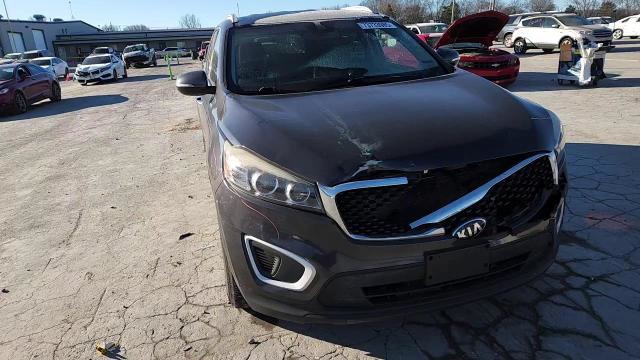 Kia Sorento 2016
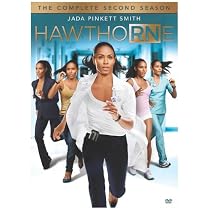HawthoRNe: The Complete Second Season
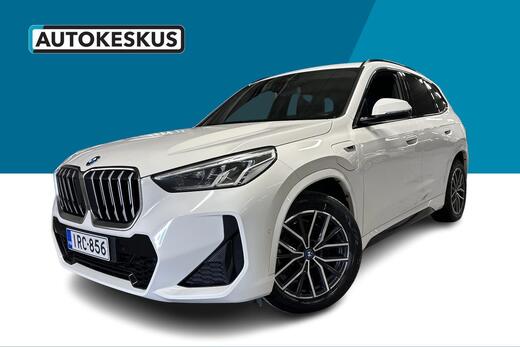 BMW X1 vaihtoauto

--------

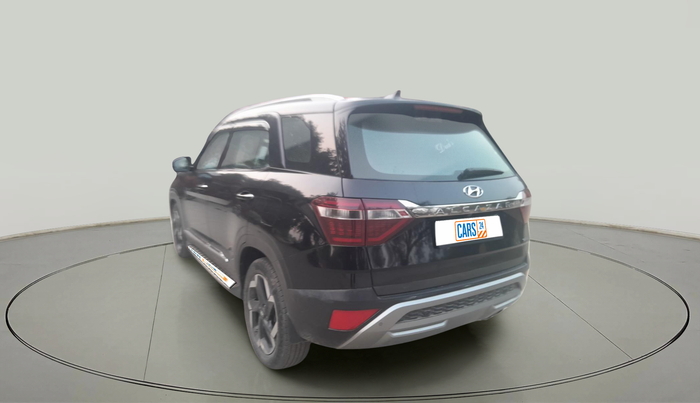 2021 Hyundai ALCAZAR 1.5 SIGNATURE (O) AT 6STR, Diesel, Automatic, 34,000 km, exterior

--------

#### Exercise
Give back the exact lines above, running from the one that has "HawthoRNe: The Complete Second Season" through the one that has "BMW X1 vaihtoauto", with nothing added and no pictures.

#### Solution to this exercise
HawthoRNe: The Complete Second Season
 BMW X1 vaihtoauto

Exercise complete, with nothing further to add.